Modesty and chastity are important virtues for both Muslim men and women, and the Quran instructs both sexes to "cast down their glances and guard their chastity." But with regard to female modesty, the Quran continues, women should "not display their beauty except what is apparent, and they should place their khimaar over their bosoms" [source: BBC].
A khimaar is a veil-like head covering. Many Muslim scholars interpret the command to not display beauty "except what is apparent" as to mean covering only the hair, but not the face and hands [source: BBC]. Women who follow this tradition typically wear variations on the hijab, a scarf-like head covering.
Others interpret the command to place the veil "over their bosoms" to mean that women should cover much more than just the hair. In the time of the Prophet Muhammad, his wives were said to have worn head-to-toe coverings. This is believed to be the origin of the niqab, a full-body covering that reveals only the eyes [source: BBC].
Another Quranic verse commands that people who speak to the prophet's wives must do so behind a screen to ensure "greater purity for your hearts and theirs." Some have interpreted this to mean that even seeing a woman's eyes is an invitation for impure thoughts.
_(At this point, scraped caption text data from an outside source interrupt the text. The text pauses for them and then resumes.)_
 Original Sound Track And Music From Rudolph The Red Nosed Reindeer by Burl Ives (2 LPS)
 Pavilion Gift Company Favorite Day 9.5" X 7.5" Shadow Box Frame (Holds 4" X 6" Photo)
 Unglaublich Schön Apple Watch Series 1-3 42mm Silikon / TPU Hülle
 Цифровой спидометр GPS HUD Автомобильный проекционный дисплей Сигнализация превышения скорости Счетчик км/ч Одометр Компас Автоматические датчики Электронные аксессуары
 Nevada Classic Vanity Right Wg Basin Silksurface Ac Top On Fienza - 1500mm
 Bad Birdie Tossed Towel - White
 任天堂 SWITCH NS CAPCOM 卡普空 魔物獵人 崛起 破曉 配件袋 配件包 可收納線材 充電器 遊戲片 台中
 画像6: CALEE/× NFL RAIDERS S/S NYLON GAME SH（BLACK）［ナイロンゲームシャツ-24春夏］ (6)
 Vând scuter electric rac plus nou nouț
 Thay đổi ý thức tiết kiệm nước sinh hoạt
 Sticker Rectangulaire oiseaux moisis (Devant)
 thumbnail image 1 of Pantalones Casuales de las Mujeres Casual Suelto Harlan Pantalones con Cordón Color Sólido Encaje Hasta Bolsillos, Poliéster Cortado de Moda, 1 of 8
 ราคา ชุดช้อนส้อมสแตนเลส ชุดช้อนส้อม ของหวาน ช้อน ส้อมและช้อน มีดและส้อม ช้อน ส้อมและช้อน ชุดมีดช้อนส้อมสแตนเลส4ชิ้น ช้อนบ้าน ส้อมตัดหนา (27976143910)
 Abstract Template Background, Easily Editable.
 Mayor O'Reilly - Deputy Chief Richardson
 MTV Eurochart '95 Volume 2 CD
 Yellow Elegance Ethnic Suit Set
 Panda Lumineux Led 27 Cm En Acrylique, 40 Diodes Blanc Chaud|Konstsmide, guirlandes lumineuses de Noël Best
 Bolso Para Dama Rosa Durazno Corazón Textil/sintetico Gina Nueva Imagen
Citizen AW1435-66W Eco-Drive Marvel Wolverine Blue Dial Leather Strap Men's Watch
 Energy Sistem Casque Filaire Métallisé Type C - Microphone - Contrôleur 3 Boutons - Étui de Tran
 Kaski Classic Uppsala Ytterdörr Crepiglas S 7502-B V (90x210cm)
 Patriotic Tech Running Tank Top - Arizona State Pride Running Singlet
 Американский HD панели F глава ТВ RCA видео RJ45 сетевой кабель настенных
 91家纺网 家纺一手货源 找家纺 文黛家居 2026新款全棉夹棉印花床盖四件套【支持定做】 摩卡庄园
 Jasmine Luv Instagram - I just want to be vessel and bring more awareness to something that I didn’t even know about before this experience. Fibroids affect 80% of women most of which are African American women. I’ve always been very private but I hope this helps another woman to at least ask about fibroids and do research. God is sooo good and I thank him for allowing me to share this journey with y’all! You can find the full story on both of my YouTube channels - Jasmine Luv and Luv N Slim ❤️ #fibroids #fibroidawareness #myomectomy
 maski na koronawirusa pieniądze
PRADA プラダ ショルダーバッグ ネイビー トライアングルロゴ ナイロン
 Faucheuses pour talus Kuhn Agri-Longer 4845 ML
That explains the burqa used by some women, which not only covers the entire body but also veils the eyes with a screen. Others point out that if women's faces were meant to be invisible, the Quran would not instruct men to "cast down their glances."
It's important to note that Muslim women are only expected to cover their heads or faces in public but not at home or in the presence of family members, including men [source: BBC].